Eu sei, eu sei, demorei horrores para postar esse capítulo, mas é que ele é o começo de tudo para ser sincera e queria que ele fosse o mais perfeito dos perfeitos, então terei que dedicar a todas pessoas que me fizeram escrever com tanto empenho.
Primeiro a duas amigas, que alem do apoio diário, me alegram com comentários sempre que possível da história. E são as duas criaturinhas que tem algum spoiler que escapou de meus lábios. Nana e Nic, vocês são as melhores, minha autoras preferidas!!

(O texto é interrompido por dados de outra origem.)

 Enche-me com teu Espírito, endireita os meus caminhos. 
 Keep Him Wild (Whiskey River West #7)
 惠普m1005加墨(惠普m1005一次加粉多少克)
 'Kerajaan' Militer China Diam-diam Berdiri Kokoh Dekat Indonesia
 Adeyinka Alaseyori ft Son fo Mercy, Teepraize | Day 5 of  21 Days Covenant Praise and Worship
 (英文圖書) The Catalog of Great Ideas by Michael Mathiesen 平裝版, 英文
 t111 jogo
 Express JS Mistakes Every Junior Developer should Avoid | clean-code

Mas tenho outra autora/leitora que tenho tanto apreço quanto a essa duas e essa seria minha querida Monique. Oh querida, pode ter certeza que você é um incentivo gigantesco para que esse capitulo fosse escrito e espero não desaponta-la com a história.
Também agradeço aos meus outros dois leitores maravilhosos. A MariGuimaraens e ao ARMartins, que devo ressaltar, foi a única pessoa que me fez ter vontade de ler algo sobre Zumbis.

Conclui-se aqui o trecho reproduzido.